The legislation, H.R. 3633, was introduced on May 29, 2025, by House Financial Services Committee Chairman Rep. French Hill. Its central aim is to clarify which federal regulator oversees which parts of the digital asset market, where the Securities and Exchange Commission (SEC) and the Commodity Futures Trading Commission (CFTC) have asserted overlapping and sometimes conflicting jurisdiction.
A key feature is a "mature blockchain" test, a classification standard intended to determine when a digital asset should be treated as a commodity rather than a security. If a network meets specified decentralization thresholds, its native token could be viewed as a digital commodity instead of an investment contract subject to SEC oversight.
The bill also outlines circumstances under which certain decentralized networks may be treated as non-securities, and states that noncustodial digital asset providers would not be classified as money transmitters. Emmer has argued that law enforcement objections to this provision are overstated, saying the approach addresses illicit finance risks without stifling innovation.
The House passed the CLARITY Act on July 17, 2025, by a bipartisan vote of 294–134. The Senate Banking Committee advanced an updated version on May 14, 2026, by a 15–9 vote.
Emmer's role extends beyond H.R. 3633. He has previously introduced and reintroduced the Blockchain Regulatory Certainty Act, elements of which were later incorporated into the CLARITY Act. His description of the current proposal as a fifth or sixth version underscores both the complexity of the issue and the persistence of its backers.
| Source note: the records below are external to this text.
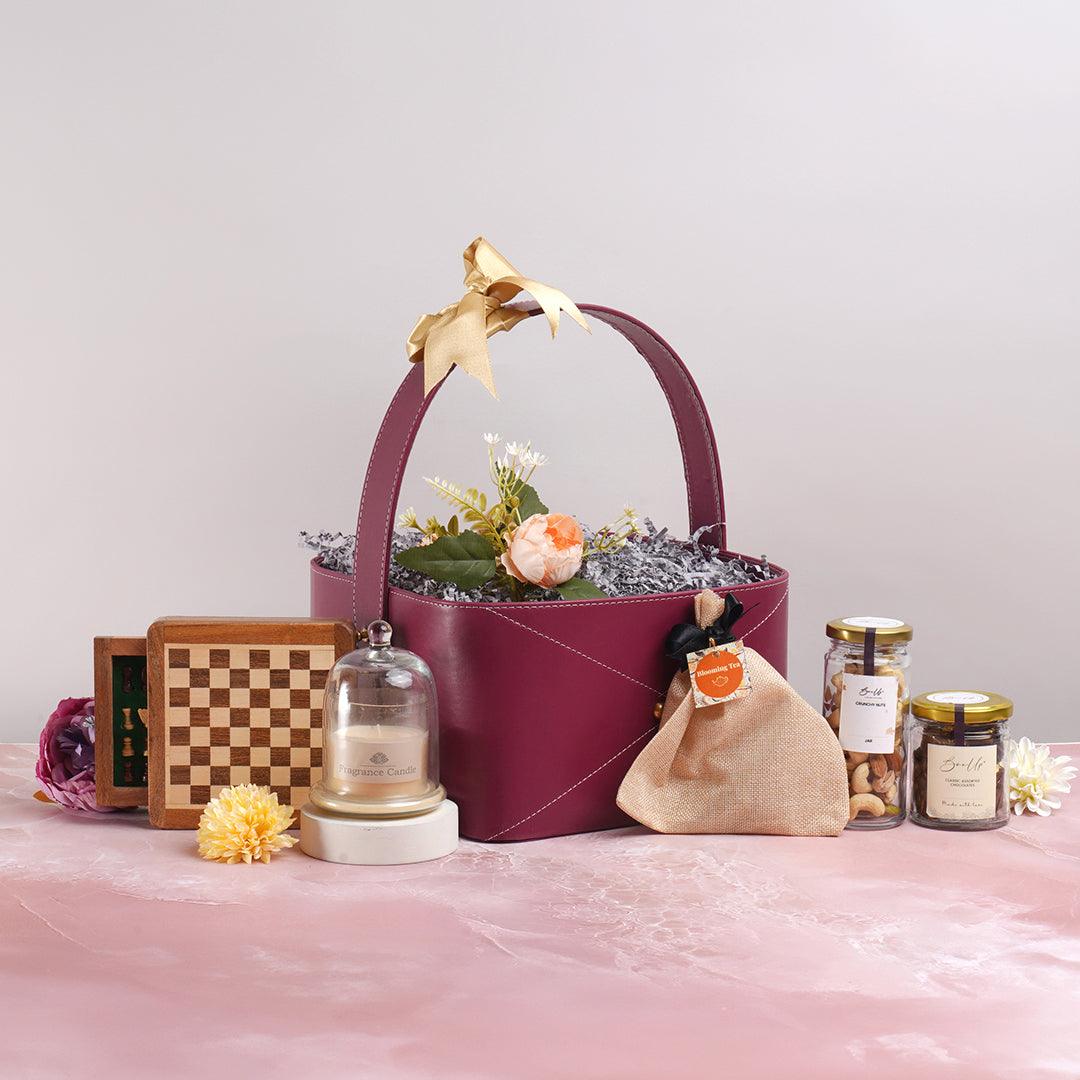 Queens Hamper
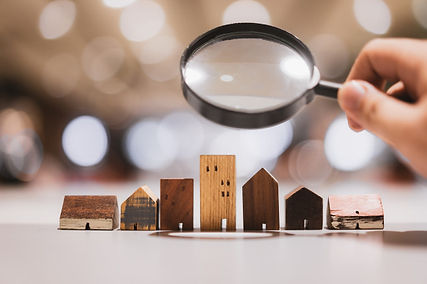 main-tenant-loupe-regardant-modele-maiso
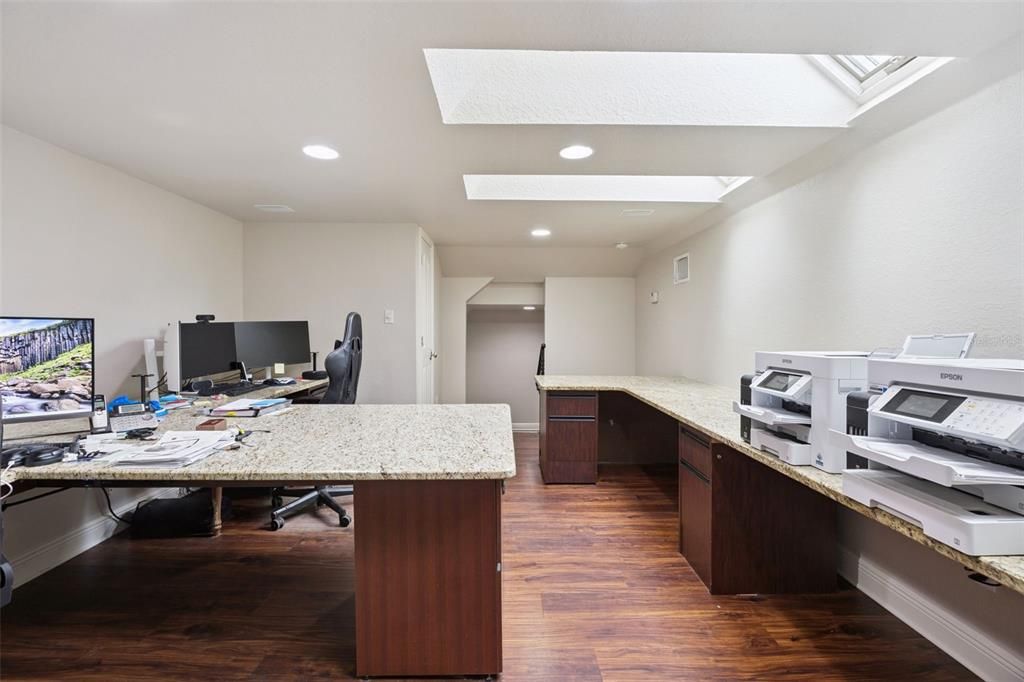 For Sale: $1,100,000 (4 beds, 2 baths, 3144 Square Feet)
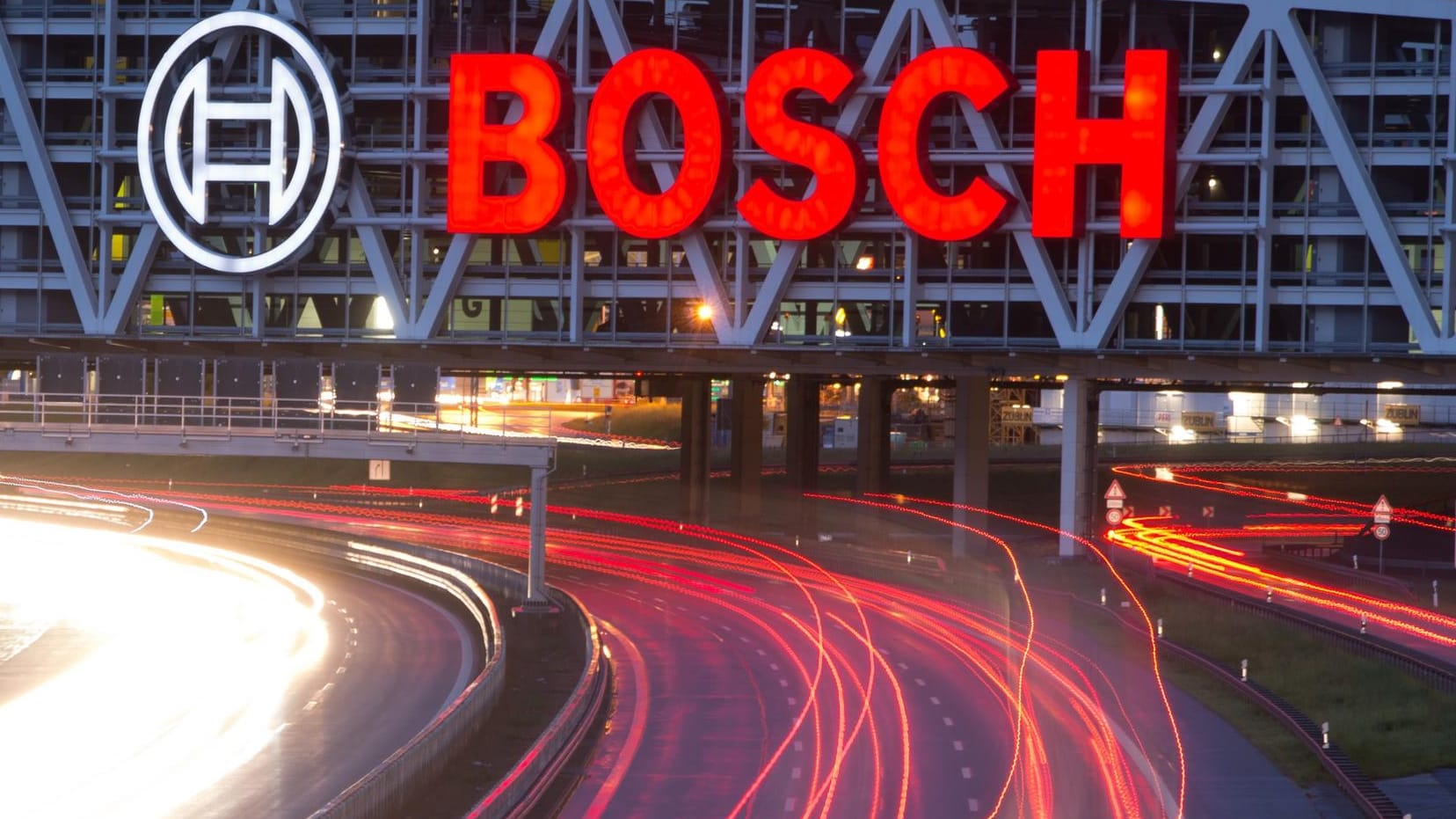 Das Universaltalent der Autozulieferer gerät immer mehr in den Sog aus Abgas- und Kartell-Skandal. Das Universaltalent der Autozulieferer gerät immer mehr in den Sog aus Abgas- und Kartell-Skandal.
For investors, the "mature blockchain" test could be particularly significant for major layer-1 networks and their ecosystems. Demonstrating sufficient decentralization could allow a token to avoid more onerous securities regulation, influencing exchange listings, retail marketing practices, and how projects structure governance.
For decentralized finance, the noncustodial provider provision could be especially impactful. Clarifying that writing or deploying noncustodial software does not make an entity a money transmitter could ease a major deterrent for U.S. developers.
The bill still must clear the full Senate, and any reconciliation between House and Senate versions could reshape the final text. The contrast between the House's 294–134 margin and the Senate committee's 15–9 vote suggests the measure may face a more difficult path in the upper chamber, and the enacted version could differ from what the House approved.